Database vendor Rockset is providing users with the ability to query real-time streaming data with SQL.
Rockset, based in San Mateo, Calif., revealed the beta availability of new features for its real-time indexing database on Aug. 25. The features will be generally available later this year.
The new features will enable users to directly query an event stream, such as Apache Kafka or Amazon Kinesis.
Going a step further, Rockset is adding the ability to continuously transform data coming from an event-streaming source into different structure or formats that users can configure.
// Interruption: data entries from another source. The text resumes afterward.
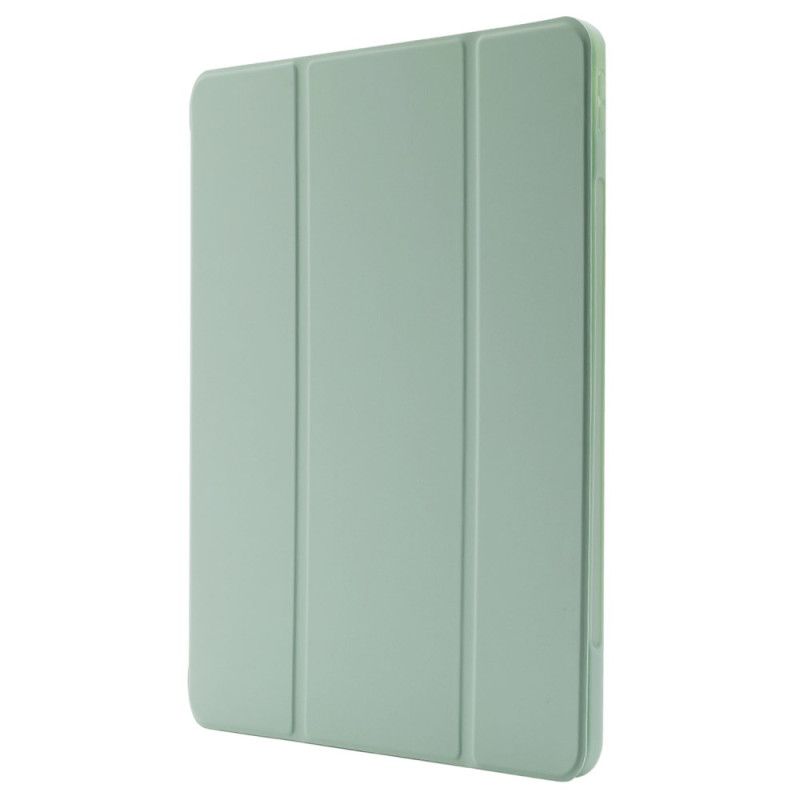 Cover iPad Pro 13 (2025) Drievoudige Standaard En Pennenhouder Bescherming Hoesje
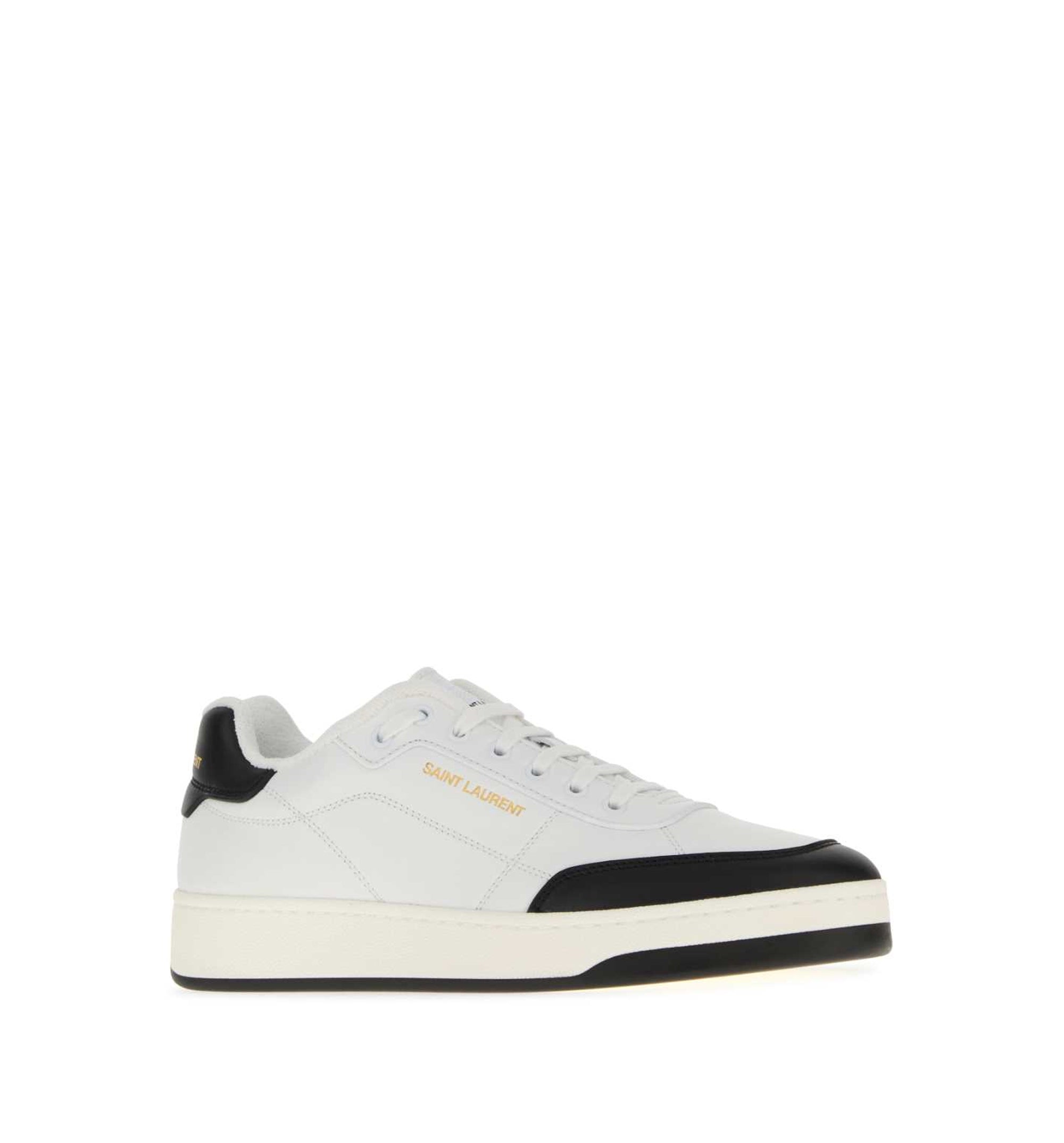 SL/61 Sneakers in Smooth Leather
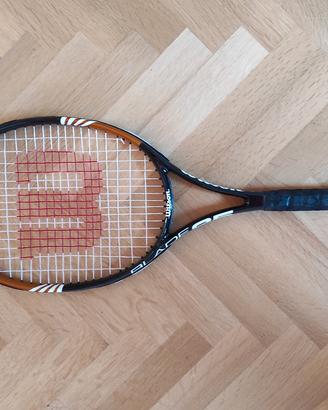 racchetta tennis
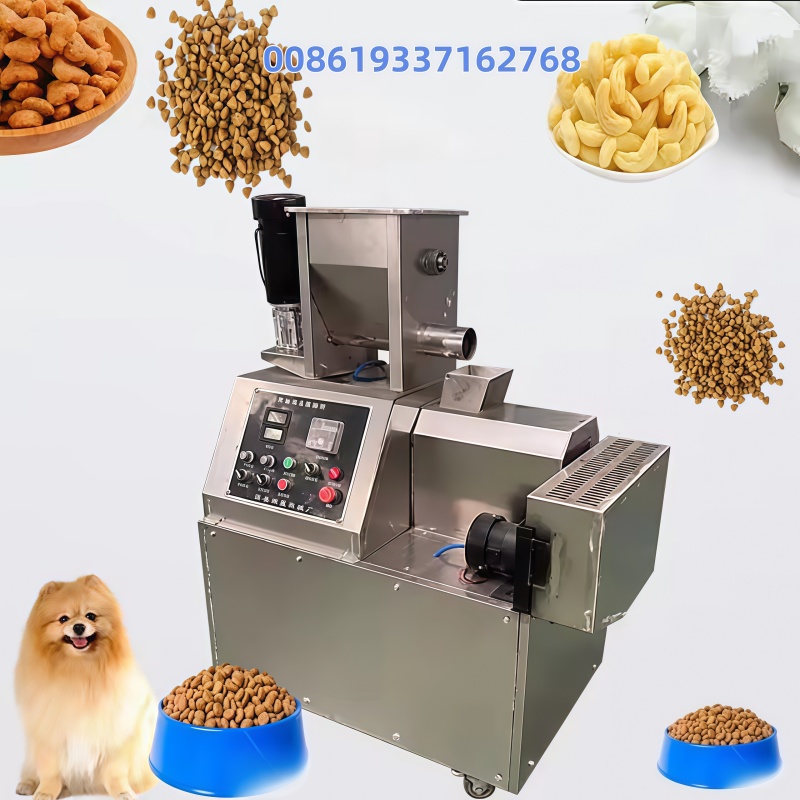 Automatyczna maszyna do produk – Food Snacks Making Machine recenzja i cena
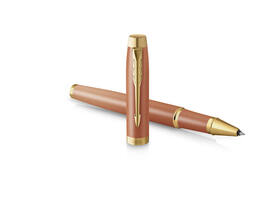 Rollerpen Parker IM Rituals orange GT fijn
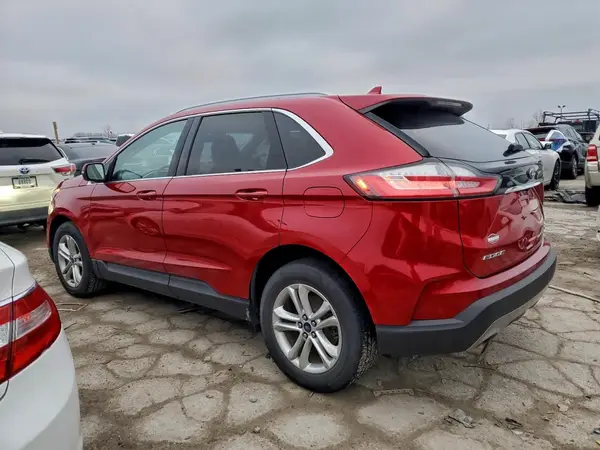 2FMPK4J95LBA07991 2020 FORD EDGE - Image 2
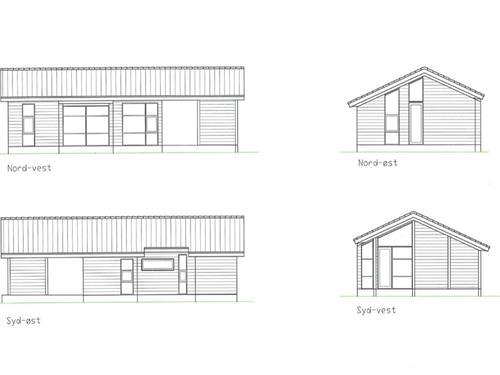 Sommerhus - 6 personer -  - Grøftekanten - 4583 - Sjællands Odde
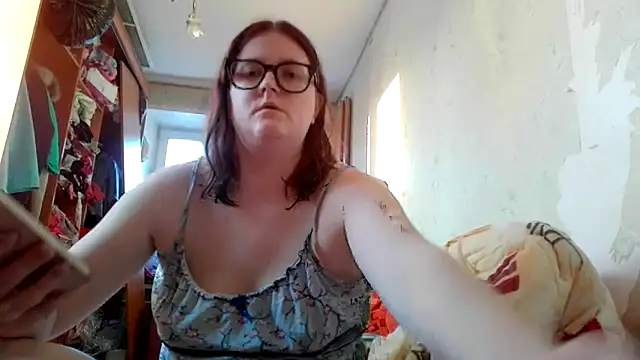 Chat XXX ao vivo de DesireMelissa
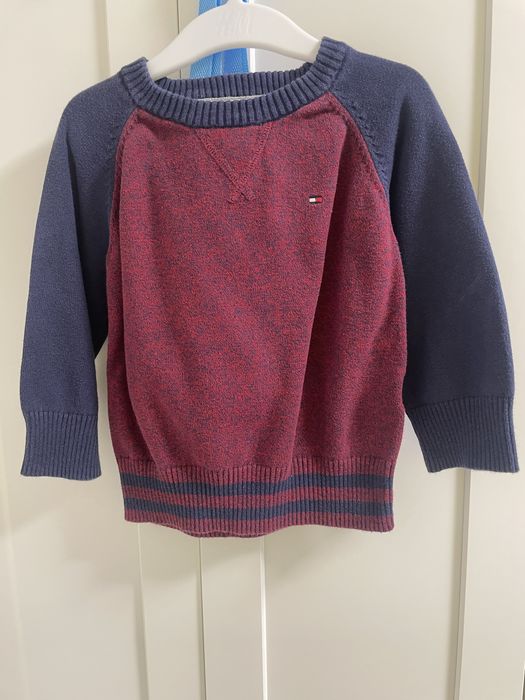 Bluza Tommy 2T/2 ani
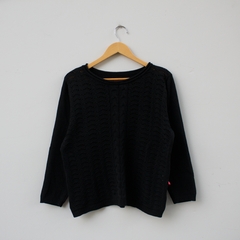 Blusa de Lã Preta Porchat - M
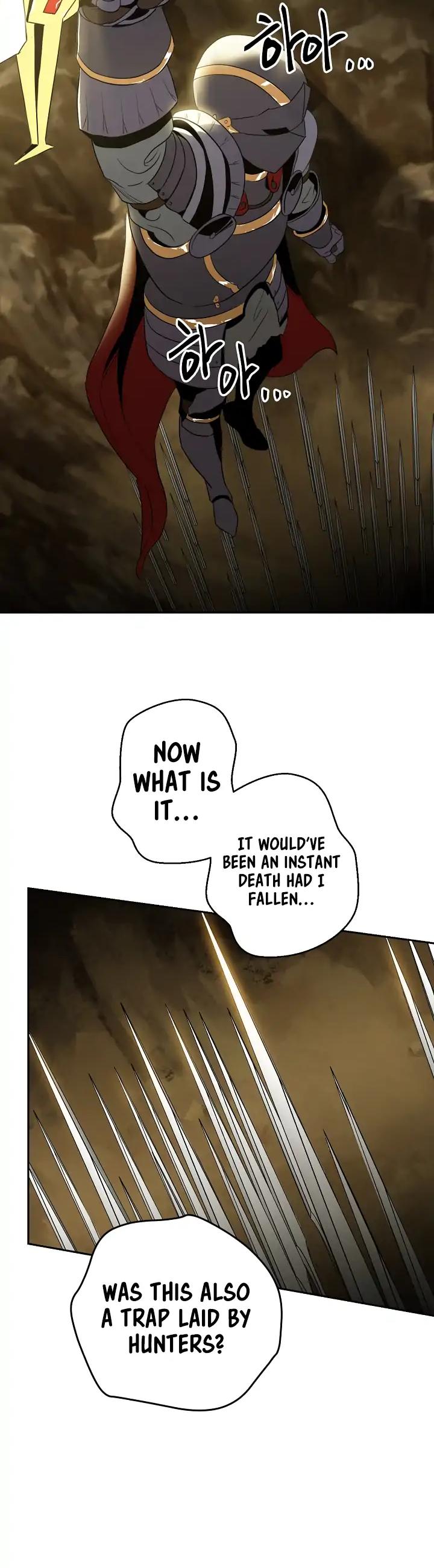 Skeleton Soldier Couldn’t Protect the Dungeon Chapter 34 page 39 - Chapter 34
For example, a Rockset user could analyze an event stream in real time for potentially sensitive data, and then transform that data to anonymize with a cryptographic hash.
The ability to directly query a real-time data stream for data analytics or business intelligence is often costly, according to Torsten Volk, an analyst at Enterprise Management Associates.
Volk noted that in many cases the cost of storing massive amounts of data for normalization, aggregation and querying for real-time data typically lessens the enthusiasm of application developers to add real-time data capabilities to their code.
"That Rockset allows developers to use standard SQL to transform, aggregate and query multiple data streams, while eliminating the need to store massive amounts of data on high performance volumes, almost sounds too good to be true," Volk said. "This could make developers much more willing to experiment and unleash the value of currently untapped data streams."
Querying real-time data with Rockset
Rockset users could query event stream data before, but the process was more cumbersome, requiring more storage, compute and time, according to Venkat Venkataramani, CEO and co-founder of Rockset.
Venkataramani explained that without the new query feature, a user would have had to ingest all the data flowing from the event stream, with each message becoming a database record in Rockset.
That data would over time take up increasing volume of storage space, as well as increasing compute power to operate. With the update, Rockset can now query the data stream itself.
"Now there is a reduction in the storage required, because now you're not materializing and storing the raw data stream," Venkataramani said.
Multiple streams while deduplicating data is an option
Often organizations will use multiple streams, which Rockset said it is prepared for.
Venkataramani said that his development teams have tested the new functionality on more than 1,000 concurrent data streams.
Torsten VolkAnalyst, Enterprise Management Associates
He noted that the Rockset query is able to get data from across all the streams without double counting of data or duplication.
Beyond duplication, another problem that can occur with multiple simultaneous data streams is that some data could be a bit later than others.
For example, Venkataramani explained that a connected sensor device might lose connectivity for a small amount of time and then reconnect, sending some data out of sequence. Rockset's system can account for that and ensure that late data is queried in the correct time sequence.
The overall goal for Rockset, according to Venkataramani, is to make real-time data easier to use.
"There is still quite a bit of innovation to come as we're still pushing the envelope and we're on a kind of a mission to make that happen, so that real-time data should be the default in every enterprise," he said.